**Exercise:** Below, find the line containing "Pokémon TCG - Brilliant" and the line containing "笛莎官方旗舰童装女童加绒灯笼裤冬季新款宝宝儿童时尚保暖休闲裤"; reproduce exactly those two and every line between them, omitting pictures.

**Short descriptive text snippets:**
# # # # #

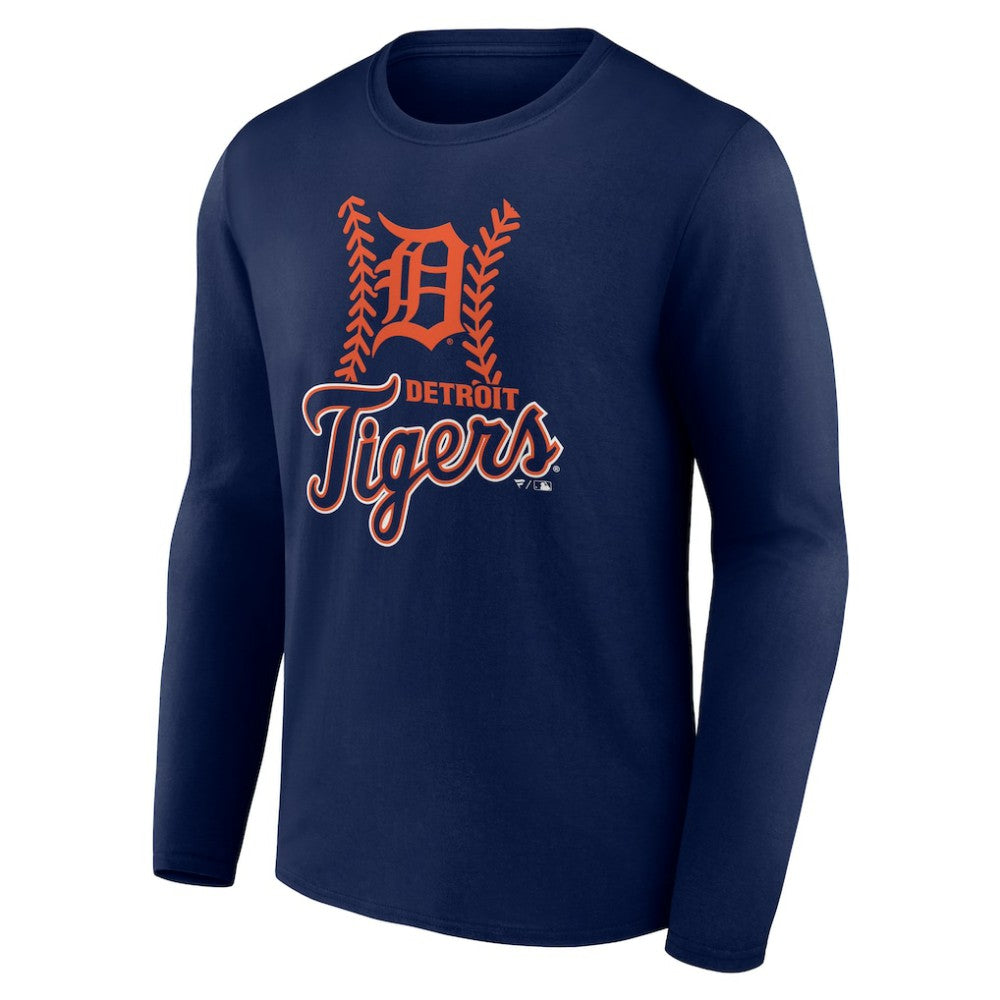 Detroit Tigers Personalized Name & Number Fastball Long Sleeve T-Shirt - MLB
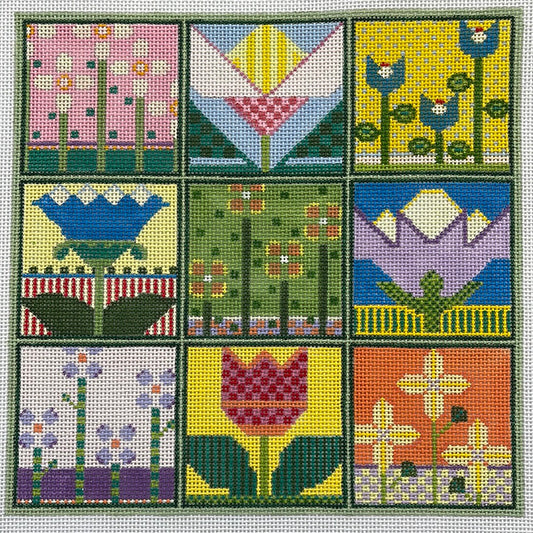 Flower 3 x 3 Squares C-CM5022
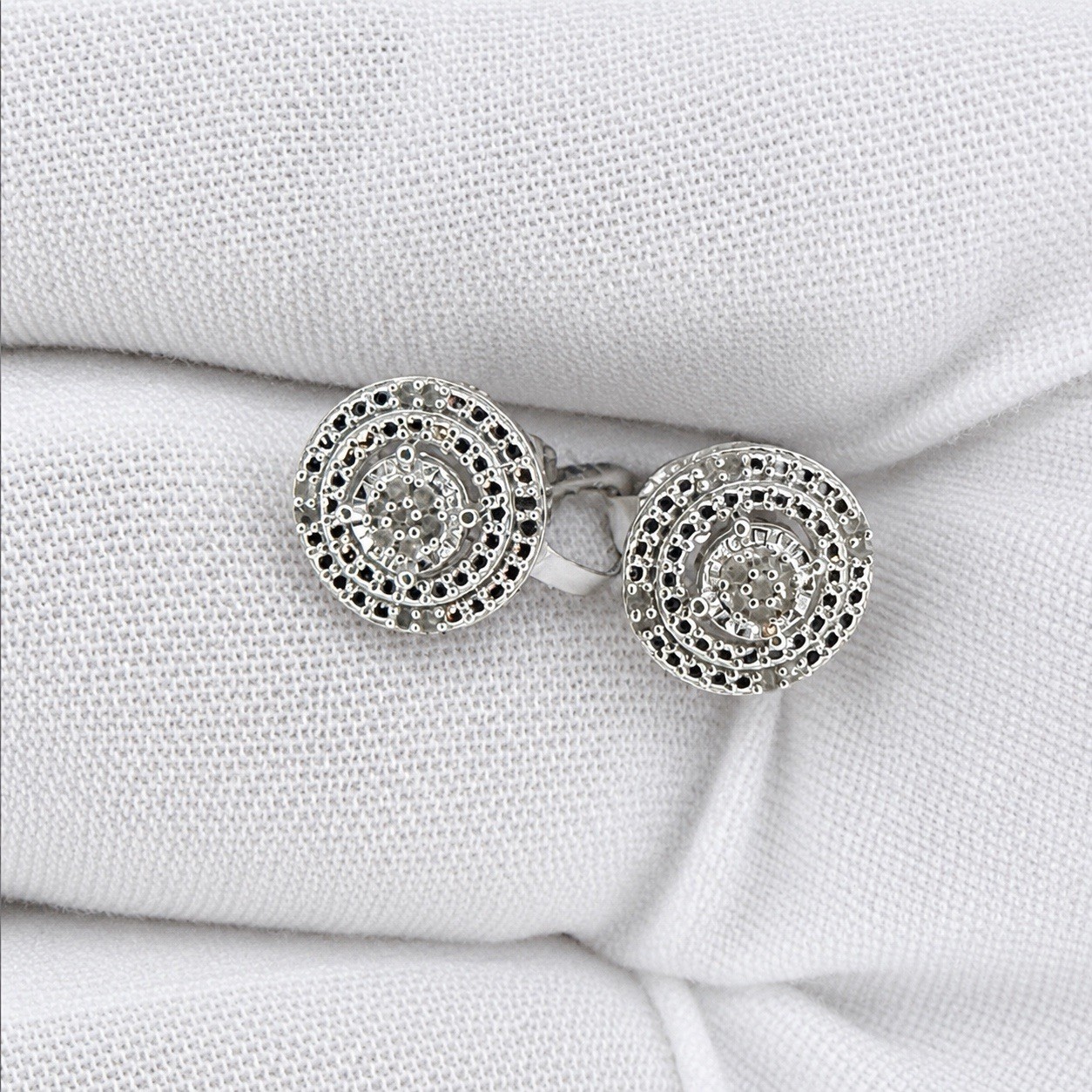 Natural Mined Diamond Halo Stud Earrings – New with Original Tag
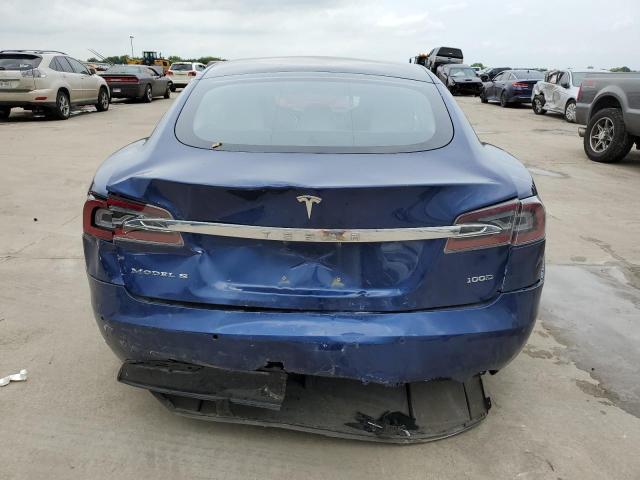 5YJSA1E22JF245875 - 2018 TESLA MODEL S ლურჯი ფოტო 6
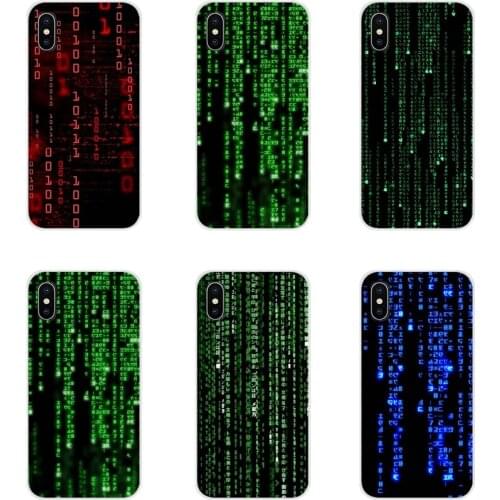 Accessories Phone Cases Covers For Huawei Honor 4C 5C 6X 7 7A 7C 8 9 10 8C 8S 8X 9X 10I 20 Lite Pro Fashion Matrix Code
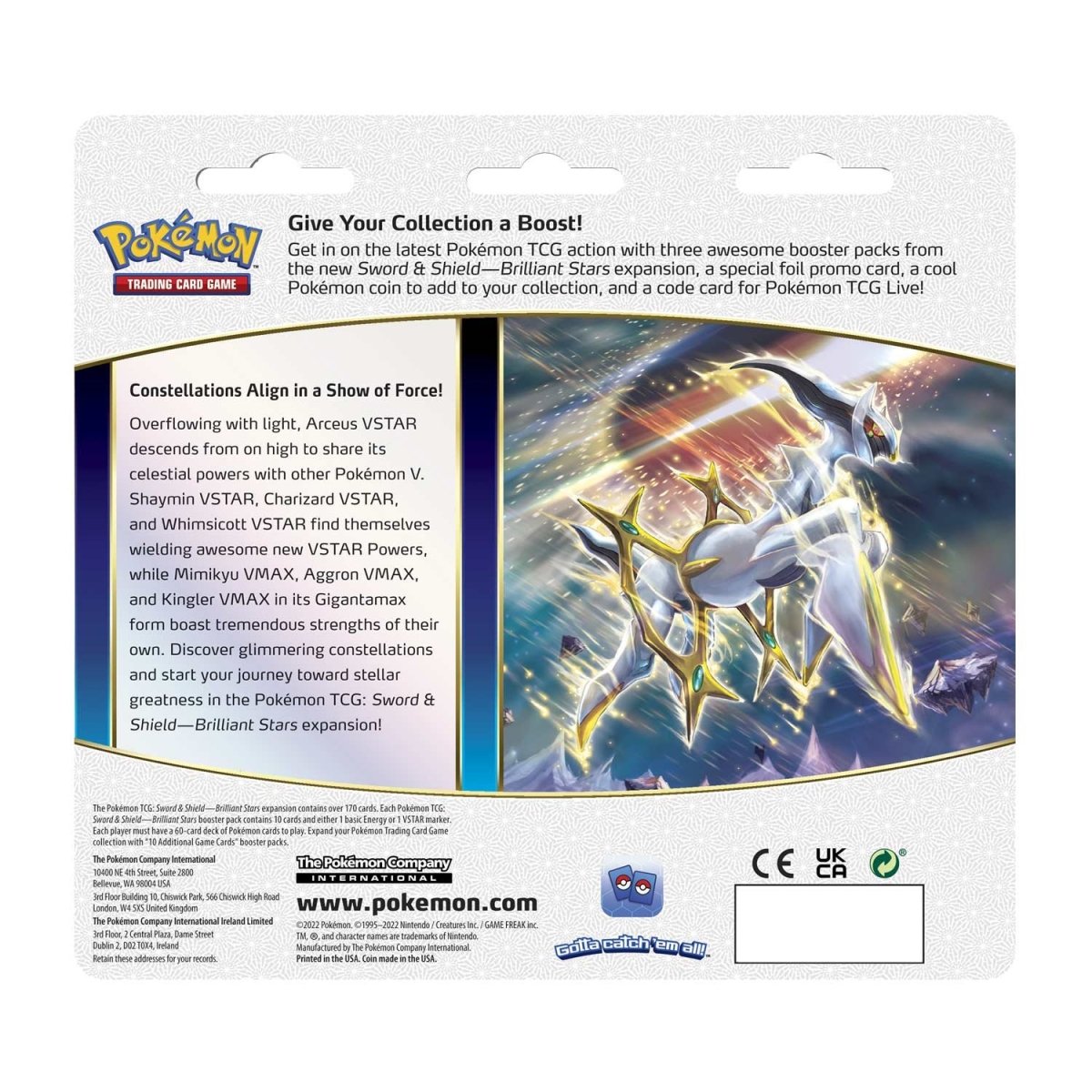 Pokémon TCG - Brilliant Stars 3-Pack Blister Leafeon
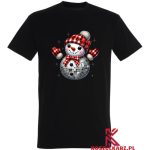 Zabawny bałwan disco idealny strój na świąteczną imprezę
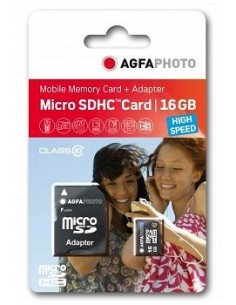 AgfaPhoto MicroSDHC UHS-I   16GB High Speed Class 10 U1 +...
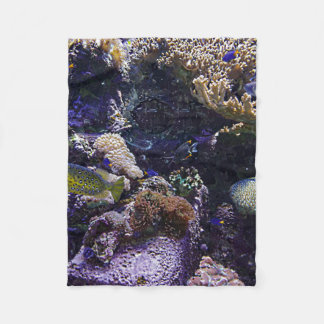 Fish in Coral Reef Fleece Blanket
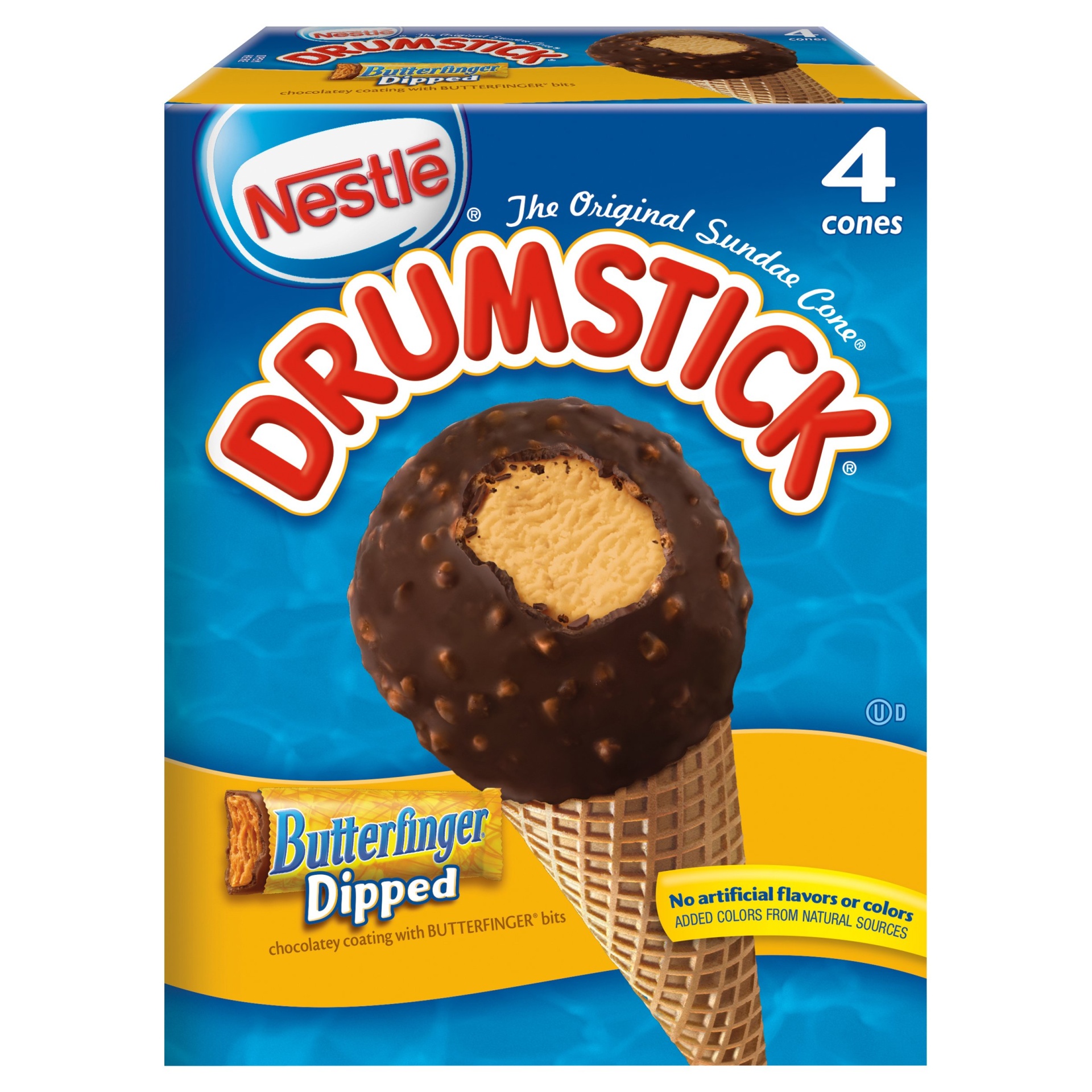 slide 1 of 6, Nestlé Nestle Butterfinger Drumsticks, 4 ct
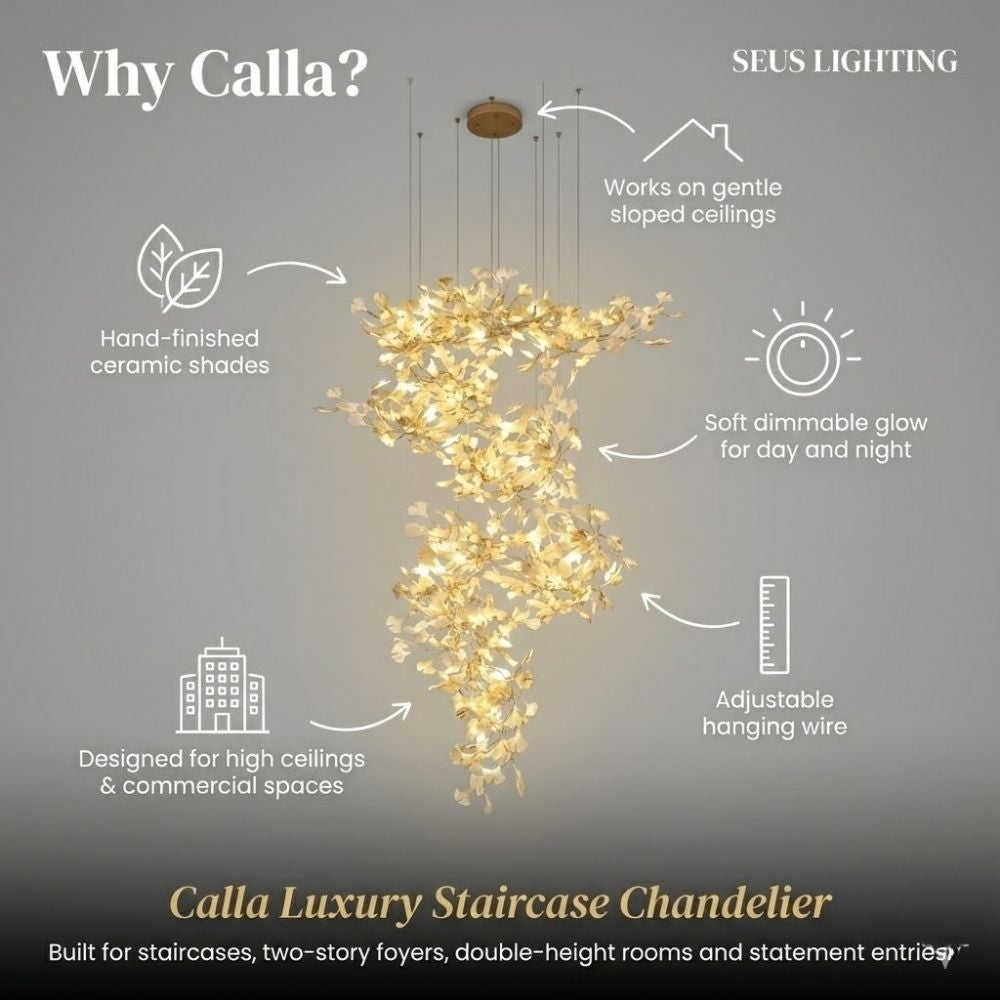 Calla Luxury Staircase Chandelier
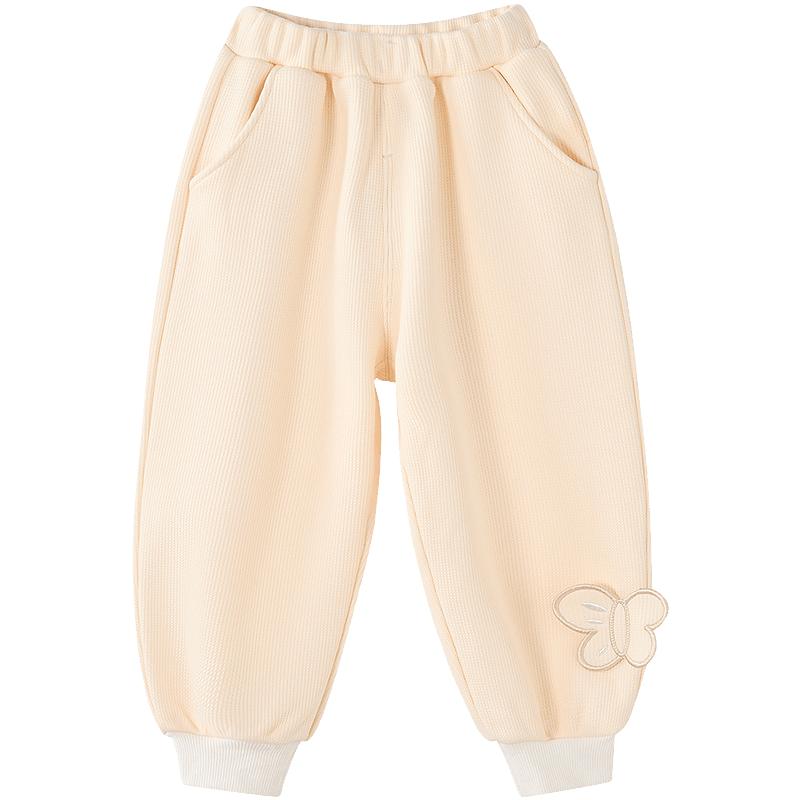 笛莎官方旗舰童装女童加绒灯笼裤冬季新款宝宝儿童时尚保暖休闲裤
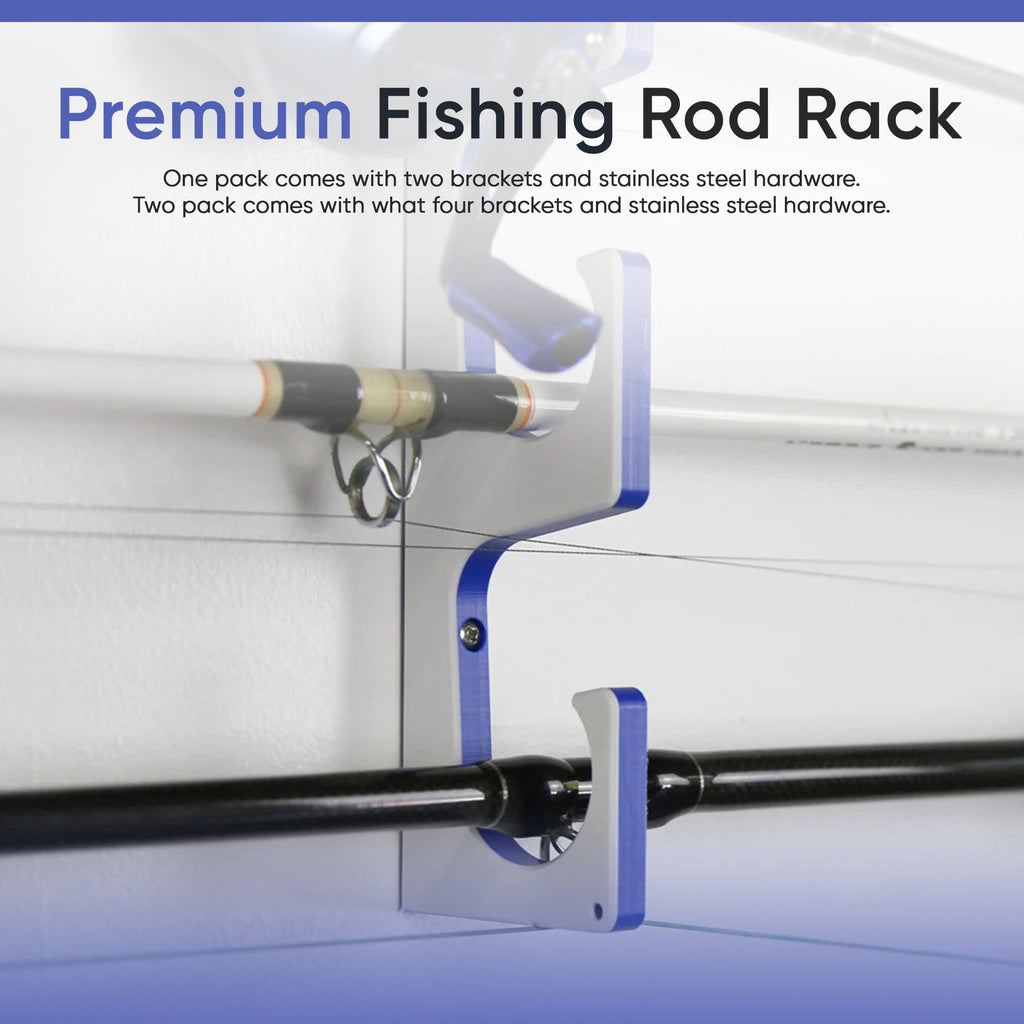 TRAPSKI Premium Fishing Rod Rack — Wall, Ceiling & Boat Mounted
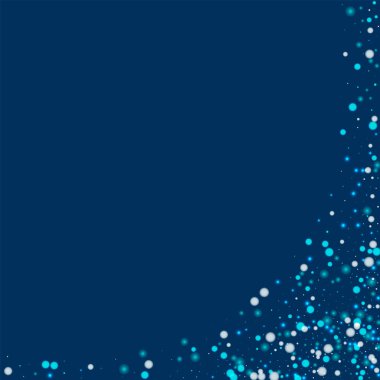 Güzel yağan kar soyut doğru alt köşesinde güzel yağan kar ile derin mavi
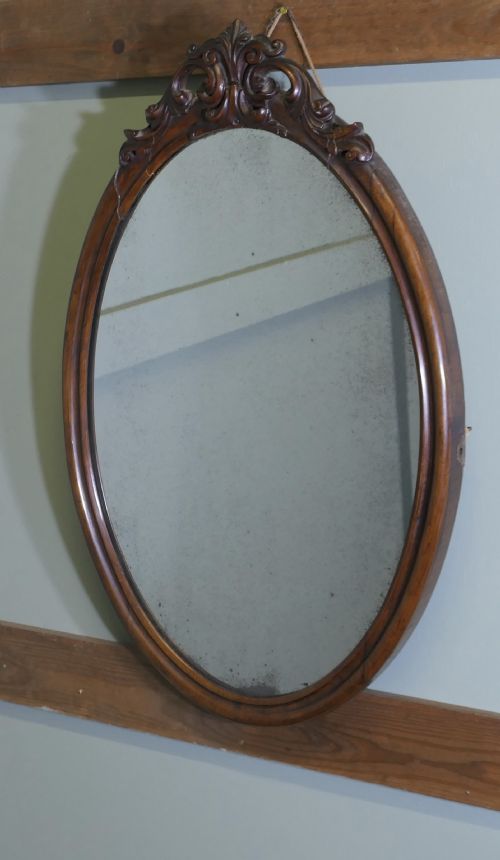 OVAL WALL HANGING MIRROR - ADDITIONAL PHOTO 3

# # # # #

**Output:**
 Pokémon TCG - Brilliant Stars 3-Pack Blister Leafeon
 Zabawny bałwan disco idealny strój na świąteczną imprezę
 AgfaPhoto MicroSDHC UHS-I   16GB High Speed Class 10 U1 +...
 Fish in Coral Reef Fleece Blanket
 slide 1 of 6, Nestlé Nestle Butterfinger Drumsticks, 4 ct
 Calla Luxury Staircase Chandelier
 笛莎官方旗舰童装女童加绒灯笼裤冬季新款宝宝儿童时尚保暖休闲裤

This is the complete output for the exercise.